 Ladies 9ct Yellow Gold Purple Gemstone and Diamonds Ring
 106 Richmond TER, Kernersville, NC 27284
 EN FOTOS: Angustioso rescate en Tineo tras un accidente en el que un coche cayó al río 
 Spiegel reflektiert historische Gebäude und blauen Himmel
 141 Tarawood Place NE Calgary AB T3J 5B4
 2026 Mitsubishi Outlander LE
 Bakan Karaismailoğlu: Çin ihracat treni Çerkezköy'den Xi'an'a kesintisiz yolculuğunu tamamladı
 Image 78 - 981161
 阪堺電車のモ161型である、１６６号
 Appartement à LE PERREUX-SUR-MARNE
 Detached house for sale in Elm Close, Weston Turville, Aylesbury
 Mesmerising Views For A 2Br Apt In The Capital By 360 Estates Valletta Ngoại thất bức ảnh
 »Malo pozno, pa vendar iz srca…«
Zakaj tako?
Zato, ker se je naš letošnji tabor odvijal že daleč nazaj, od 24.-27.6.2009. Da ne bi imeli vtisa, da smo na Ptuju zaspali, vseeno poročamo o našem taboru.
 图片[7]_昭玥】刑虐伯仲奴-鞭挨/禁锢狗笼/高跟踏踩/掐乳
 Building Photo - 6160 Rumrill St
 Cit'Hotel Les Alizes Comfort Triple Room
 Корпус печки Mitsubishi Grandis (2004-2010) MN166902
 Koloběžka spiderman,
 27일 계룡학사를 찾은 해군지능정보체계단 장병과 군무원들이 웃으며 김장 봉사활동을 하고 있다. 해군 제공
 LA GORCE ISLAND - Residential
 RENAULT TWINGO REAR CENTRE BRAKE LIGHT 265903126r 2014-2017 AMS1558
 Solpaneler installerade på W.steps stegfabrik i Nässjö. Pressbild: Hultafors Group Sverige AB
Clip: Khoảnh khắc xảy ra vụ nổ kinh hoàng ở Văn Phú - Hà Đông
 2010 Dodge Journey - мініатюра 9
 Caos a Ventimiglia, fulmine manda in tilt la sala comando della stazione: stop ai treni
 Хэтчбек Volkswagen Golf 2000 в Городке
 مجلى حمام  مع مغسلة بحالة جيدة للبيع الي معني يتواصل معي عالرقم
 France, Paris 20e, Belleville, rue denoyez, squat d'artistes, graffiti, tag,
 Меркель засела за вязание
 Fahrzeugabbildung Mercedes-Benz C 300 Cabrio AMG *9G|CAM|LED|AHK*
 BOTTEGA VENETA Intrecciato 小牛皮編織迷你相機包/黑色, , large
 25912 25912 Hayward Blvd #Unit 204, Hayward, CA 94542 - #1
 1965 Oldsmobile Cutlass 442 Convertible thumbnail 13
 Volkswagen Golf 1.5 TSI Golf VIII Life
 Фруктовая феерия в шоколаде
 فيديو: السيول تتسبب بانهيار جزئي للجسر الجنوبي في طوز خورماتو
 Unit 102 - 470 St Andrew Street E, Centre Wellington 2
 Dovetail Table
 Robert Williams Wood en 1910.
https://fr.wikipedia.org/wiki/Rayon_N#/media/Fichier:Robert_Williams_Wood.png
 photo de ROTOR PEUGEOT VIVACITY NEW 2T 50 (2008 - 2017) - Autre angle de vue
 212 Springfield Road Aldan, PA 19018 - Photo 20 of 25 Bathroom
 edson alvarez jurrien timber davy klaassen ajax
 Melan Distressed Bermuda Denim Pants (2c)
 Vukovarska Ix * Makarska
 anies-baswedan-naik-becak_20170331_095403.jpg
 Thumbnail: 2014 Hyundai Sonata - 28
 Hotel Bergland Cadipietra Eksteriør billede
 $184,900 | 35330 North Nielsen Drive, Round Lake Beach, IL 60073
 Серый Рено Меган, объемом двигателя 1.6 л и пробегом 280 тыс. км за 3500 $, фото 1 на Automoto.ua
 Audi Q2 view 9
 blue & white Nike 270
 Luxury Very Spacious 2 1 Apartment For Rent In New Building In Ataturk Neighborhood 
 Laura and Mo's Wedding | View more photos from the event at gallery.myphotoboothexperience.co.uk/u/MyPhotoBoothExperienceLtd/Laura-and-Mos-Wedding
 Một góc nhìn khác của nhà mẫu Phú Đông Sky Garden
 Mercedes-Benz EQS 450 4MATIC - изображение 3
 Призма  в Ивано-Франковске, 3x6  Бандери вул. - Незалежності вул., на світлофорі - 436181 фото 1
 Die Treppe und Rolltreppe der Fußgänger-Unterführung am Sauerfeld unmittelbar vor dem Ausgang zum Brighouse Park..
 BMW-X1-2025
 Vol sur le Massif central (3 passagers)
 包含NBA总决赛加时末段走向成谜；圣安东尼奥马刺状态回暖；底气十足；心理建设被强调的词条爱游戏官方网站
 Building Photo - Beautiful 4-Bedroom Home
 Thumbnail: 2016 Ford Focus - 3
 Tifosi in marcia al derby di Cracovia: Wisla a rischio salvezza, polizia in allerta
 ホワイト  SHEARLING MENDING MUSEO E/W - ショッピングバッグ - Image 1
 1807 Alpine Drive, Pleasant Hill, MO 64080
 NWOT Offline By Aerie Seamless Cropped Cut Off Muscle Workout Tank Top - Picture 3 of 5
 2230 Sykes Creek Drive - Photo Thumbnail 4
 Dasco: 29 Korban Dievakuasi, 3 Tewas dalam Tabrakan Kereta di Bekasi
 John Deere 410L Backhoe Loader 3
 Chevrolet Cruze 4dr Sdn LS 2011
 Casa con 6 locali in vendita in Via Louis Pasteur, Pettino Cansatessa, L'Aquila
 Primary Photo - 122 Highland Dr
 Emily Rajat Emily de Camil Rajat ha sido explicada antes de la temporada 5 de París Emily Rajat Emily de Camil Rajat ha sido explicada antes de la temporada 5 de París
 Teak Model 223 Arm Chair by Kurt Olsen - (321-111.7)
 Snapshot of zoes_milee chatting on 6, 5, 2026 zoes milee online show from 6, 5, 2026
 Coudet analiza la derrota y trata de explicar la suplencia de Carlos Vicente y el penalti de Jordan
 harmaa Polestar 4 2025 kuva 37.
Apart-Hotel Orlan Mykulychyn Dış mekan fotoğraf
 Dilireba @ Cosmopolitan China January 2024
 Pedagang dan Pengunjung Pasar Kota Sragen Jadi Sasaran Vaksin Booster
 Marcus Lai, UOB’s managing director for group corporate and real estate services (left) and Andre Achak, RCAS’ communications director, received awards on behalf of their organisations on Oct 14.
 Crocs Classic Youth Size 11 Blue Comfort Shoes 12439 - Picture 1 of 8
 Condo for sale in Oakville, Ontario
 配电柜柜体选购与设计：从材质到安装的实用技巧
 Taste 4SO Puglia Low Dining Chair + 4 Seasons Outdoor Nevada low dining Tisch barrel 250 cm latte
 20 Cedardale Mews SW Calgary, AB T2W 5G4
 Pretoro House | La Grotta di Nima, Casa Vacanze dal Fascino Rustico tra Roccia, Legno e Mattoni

EXERCISE DESCRIPTION: Nothing but an exact copy of the lines from the start of the entries through the line containing "2010 Dodge Journey - мініатюра 9" belongs in the response.

RESPONSE FOR THIS EXERCISE:
 Ladies 9ct Yellow Gold Purple Gemstone and Diamonds Ring
 106 Richmond TER, Kernersville, NC 27284
 EN FOTOS: Angustioso rescate en Tineo tras un accidente en el que un coche cayó al río 
 Spiegel reflektiert historische Gebäude und blauen Himmel
 141 Tarawood Place NE Calgary AB T3J 5B4
 2026 Mitsubishi Outlander LE
 Bakan Karaismailoğlu: Çin ihracat treni Çerkezköy'den Xi'an'a kesintisiz yolculuğunu tamamladı
 Image 78 - 981161
 阪堺電車のモ161型である、１６６号
 Appartement à LE PERREUX-SUR-MARNE
 Detached house for sale in Elm Close, Weston Turville, Aylesbury
 Mesmerising Views For A 2Br Apt In The Capital By 360 Estates Valletta Ngoại thất bức ảnh
 »Malo pozno, pa vendar iz srca…«
Zakaj tako?
Zato, ker se je naš letošnji tabor odvijal že daleč nazaj, od 24.-27.6.2009. Da ne bi imeli vtisa, da smo na Ptuju zaspali, vseeno poročamo o našem taboru.
 图片[7]_昭玥】刑虐伯仲奴-鞭挨/禁锢狗笼/高跟踏踩/掐乳
 Building Photo - 6160 Rumrill St
 Cit'Hotel Les Alizes Comfort Triple Room
 Корпус печки Mitsubishi Grandis (2004-2010) MN166902
 Koloběžka spiderman,
 27일 계룡학사를 찾은 해군지능정보체계단 장병과 군무원들이 웃으며 김장 봉사활동을 하고 있다. 해군 제공
 LA GORCE ISLAND - Residential
 RENAULT TWINGO REAR CENTRE BRAKE LIGHT 265903126r 2014-2017 AMS1558
 Solpaneler installerade på W.steps stegfabrik i Nässjö. Pressbild: Hultafors Group Sverige AB
Clip: Khoảnh khắc xảy ra vụ nổ kinh hoàng ở Văn Phú - Hà Đông
 2010 Dodge Journey - мініатюра 9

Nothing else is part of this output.